Meijer to offer BAP-certified farmed trout at all US locations

Published on
March 27, 2018

Meijer, a 235-store grocery chain based in Grand Rapids, Michigan, U.S.A., will be the first supermarket to offer fresh rainbow trout from the country’s only fresh-pack, Best Aquaculture Practices-certified aquaculture facility. 

Beginning in April 2018, all U.S. Meijer stores will carry trout from Indian Brook Trout Farm in Jackson, Michigan. 

“At Meijer, we’re focused on providing our customers with the freshest, highest quality seafood, which includes striving to offer seafood caught and farmed in the most responsible and sustainable way,” Dave Wier, seafood buyer for Meijer, said in a press release. “Not only is this the right thing to do for the environment, but our customers want to know that the seafood they buy from us comes from sources that do not deplete or damage the resource.”

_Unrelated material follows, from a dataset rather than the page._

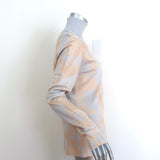 St. John Turtleneck Sweater Beige/Gray Floral Shadow Jacquard Knit Size Large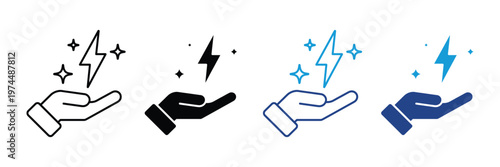 Hand holding lightning bolt with stars icon vector. Energy power, fast service, innovative idea, and electrical inspiration symbol. Vector Illustration.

Rainbow trout is one of the chain’s best-selling fish, and has special significance for the Michigan-based company, according to Wier.

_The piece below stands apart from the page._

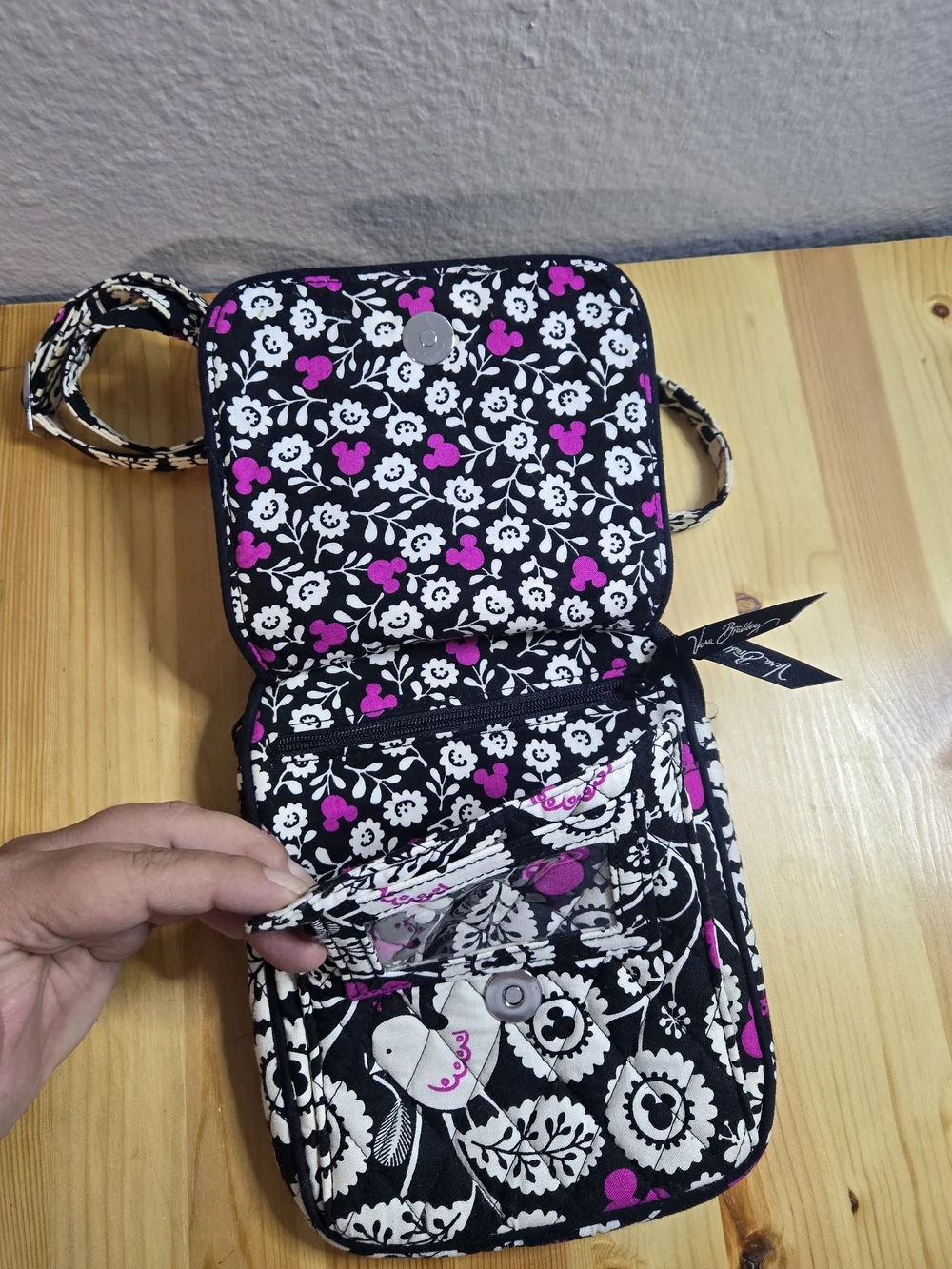 Vera Bradley Disney Black Floral Crossbody with Cream & Pink Accents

“Trout is the fish we all grew up on in Michigan. It’s in our rivers, in our streams and lakes,” Weir said. 

Indian Brook Trout Farm will be delivered to Meijer stores six days a week, as soon as 36 hours after harvesting at the trout farm, Wier said.

“That is incredibly fresh fish,” he said.

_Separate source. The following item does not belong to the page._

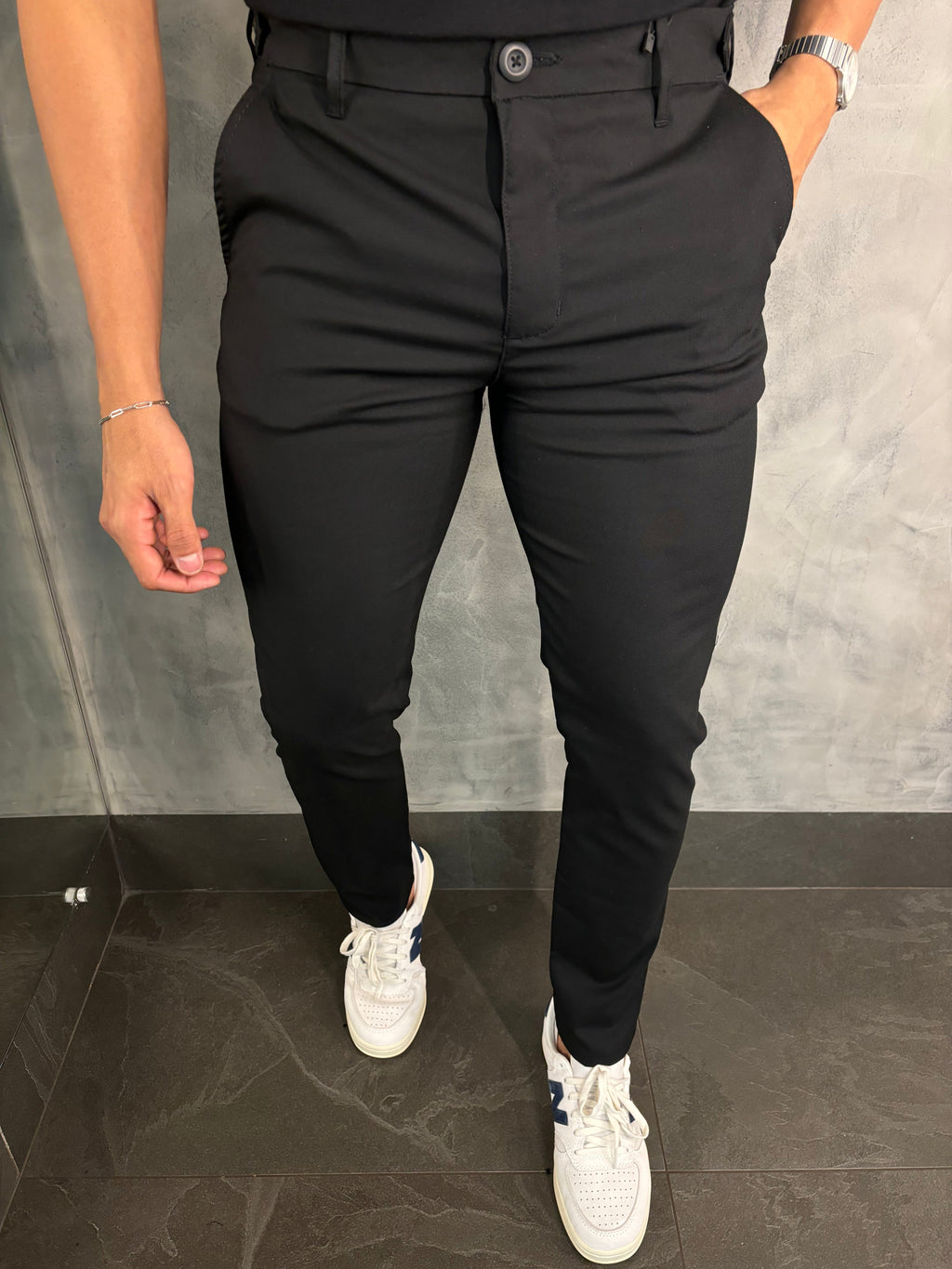 Calça Alf. Ajuste Botão Ponto H Preto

In a Meijer video promoting the new trout, Chris Ballow, a fish biologist manager at Indian Brook, said the new partnership will allow more U.S. consumers to have access to fresh, U.S.-raised fish.

“If Meijer is picking up fish on a Tuesday, we will harvest on Monday and start cutting them up that day. The morning of Tuesday, we have to take all the bones out of the fish and they would be loaded up on the truck that afternoon,” Ballow said. “Nobody else in the state can guarantee a turnaround time on their fish like we can.”

Indian Brook raises its fish in artesian water from a 10,000-year-old natural aquifer 180 feet below the surface. The 90-acre fish farm houses 350,000 rainbow trout at varying stages of growth, from eggs to maturity. The farm uses no antibiotics, hormones, or pesticides, and its fish are fed an 85 percent all-plant diet.

Owen Ballow, president of Indian Brook, says the company is committed to ensuring the farm minimally impacts the environment. That includes collecting its fish waste to sell to hops farmers, who prize it for its neutral pH levels and high nutrient content.

“We are the only commercial grower in the state who does it this way,” Ballow said. “We want this industry to grow in Michigan. Everything we’re trying to do at our farm – shape an industry, recover the wild fish populations, and grow the cleanest fish around – supports local, so it just made sense to partner with Meijer.”

Meijer was likely attracted to Indian Brook due to its BAP certification, according to Wally Stevens, executive director of the Global Aquaculture Alliance, which operates the certification.

“To be BAP-certified is to prove your commitment to the environment, social integrity, and the health of the animal and public,” Stevens said.